* **Instructions to follow**:
Check every line below for the word "myntra" and show those that hold it.

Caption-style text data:
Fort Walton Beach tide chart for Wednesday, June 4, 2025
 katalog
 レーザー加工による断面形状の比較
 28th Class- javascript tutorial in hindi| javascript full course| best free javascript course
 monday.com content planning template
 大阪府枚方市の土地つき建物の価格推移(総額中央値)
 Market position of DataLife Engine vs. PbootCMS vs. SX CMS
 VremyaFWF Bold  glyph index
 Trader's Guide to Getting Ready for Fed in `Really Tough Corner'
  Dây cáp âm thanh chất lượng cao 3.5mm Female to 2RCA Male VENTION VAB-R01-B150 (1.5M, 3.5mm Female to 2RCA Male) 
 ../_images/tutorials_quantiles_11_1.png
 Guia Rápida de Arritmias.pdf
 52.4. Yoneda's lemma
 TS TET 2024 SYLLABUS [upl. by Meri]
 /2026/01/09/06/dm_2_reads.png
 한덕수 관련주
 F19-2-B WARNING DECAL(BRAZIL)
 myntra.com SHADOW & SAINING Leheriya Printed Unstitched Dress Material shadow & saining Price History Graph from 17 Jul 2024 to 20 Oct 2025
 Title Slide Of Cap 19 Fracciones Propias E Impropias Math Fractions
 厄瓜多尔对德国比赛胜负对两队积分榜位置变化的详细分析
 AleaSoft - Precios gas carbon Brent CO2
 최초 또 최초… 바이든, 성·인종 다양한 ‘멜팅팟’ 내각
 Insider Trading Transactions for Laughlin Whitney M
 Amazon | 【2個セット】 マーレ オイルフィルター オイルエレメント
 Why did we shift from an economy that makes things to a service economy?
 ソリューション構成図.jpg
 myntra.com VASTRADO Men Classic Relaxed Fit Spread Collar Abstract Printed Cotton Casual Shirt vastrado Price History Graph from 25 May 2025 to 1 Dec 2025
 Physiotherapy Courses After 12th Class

* **Result**:
 myntra.com SHADOW & SAINING Leheriya Printed Unstitched Dress Material shadow & saining Price History Graph from 17 Jul 2024 to 20 Oct 2025
 myntra.com VASTRADO Men Classic Relaxed Fit Spread Collar Abstract Printed Cotton Casual Shirt vastrado Price History Graph from 25 May 2025 to 1 Dec 2025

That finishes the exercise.